Vince Seck brings local history to life at Empire Mine SHP |

Vince Seck brings local history to life at Empire Mine SHP

Photos by Dreamspinner Productions
Photographer: Richard Bannister |

Know & Go

WHO: Empire Mine Park Association

WHAT: 2012 Holidays & Open House

WHERE: Empire Mine State Historic Park, 10791 East Empire St., Grass Valley

TIME: Park is open from 10 a.m. to 5 p.m., with activities from 11 a.m. to 4 p.m.

COST: $7 for adults, $3 for children 6-16, FREE for children under 6

INFO: Visitor Center, (530) 273-8522,

Grass Valley in the early 1900s was a metallic medley of thundering stamp mills, roaring furnaces, hammers, horse-drawn carriages and new-fangled cars.
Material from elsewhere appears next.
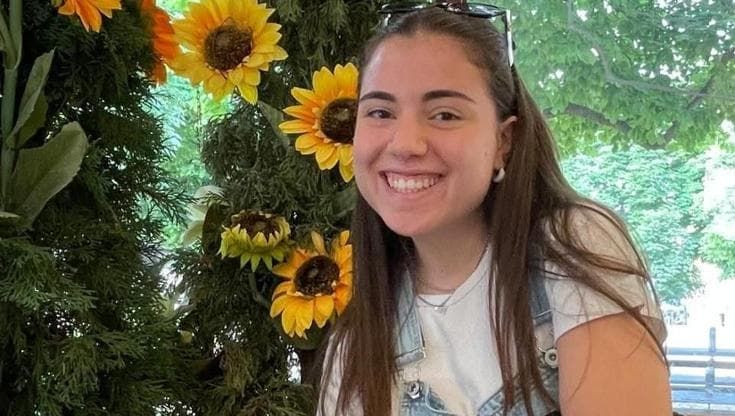 L’addio di Sala Bolognese a Giulia Guidotti morta a 20 anni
Empire Mine was in operation 24/7.

Under the supervision of George Starr, the mine was thriving — and enjoying its reputation as one of the largest, most prosperous hard-rock gold mines in North America.

Empire Mine State Historic Park docent Vince Seck has portrayed Starr for over 15 years.

Visitors often meet him in the grease grit of the mine yard or welcoming guests to elegant Bourn Cottage.

“George Starr was both a hands-on leader and a sociable ambassador,” Seck explained. “His local legacy began in 1881 when he was hired as a mucker.

He was a fast learner, and in 1887, Starr was appointed mine superintendent.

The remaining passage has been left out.